I work pt and ex-p/nrp is on benefits. We have court order due to historical DA and mediation is a non-starter due to this and ex's total refusal.

Among very many other issues ex-P is now telling me of "commitments" that mean he can't do certain days - specifically one day on which I work. This only affects holidays when extra holiday contact forms part of the court order and also time made up if EOW is disrupted by holidays - allowed for in the order. DCs are school-age.
Lots of small things going against the agreements made and a couple of things that in the order that in practice are slightly woolly and thus give rise to disagreement means we are likely to go back to court. The stress is really getting to me.
My question is: If we do go back to court, what weight is the court going to give to my work commitments and request that while ex-P isn't working contact needs to factor in the work schedule.
Also as no final agreement made do I as the respondent have to pay additional fee if I take matters to court? We are now both self-repping.

FrogbyAnotherName Fri 21-Mar-14 15:37:22

In my experience, courts don't care about 'childcare' requirements at all and expect the RP to make their own arrangements - presumably, you can pay for a holiday club or childminder to cover the days you work?
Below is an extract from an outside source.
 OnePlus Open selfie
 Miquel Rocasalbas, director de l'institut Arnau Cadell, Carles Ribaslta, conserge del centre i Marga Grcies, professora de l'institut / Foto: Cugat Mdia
dunfightin Fri 21-Mar-14 15:41:24

That's not the problem. I don't ask ex to do childminding because he wouldn't or would take delight in letting me down and causing problems at work. It's about his other "commitments" and making the arrangement work.

dunfightin Fri 21-Mar-14 15:43:05

Babybarrister or STDW are you around?

FrogbyAnotherName Fri 21-Mar-14 16:02:26

There was a thread somewhere about this recently - although courts have the power to penalise NRP who refuse contact in line with the order, it's unlikely to happen as it would effectively place a child in the care of an unwilling parent.
I don't think your work schedule is relevant though, particularly if you're not relying on contact to happen in order to work - unless I've missed the point ?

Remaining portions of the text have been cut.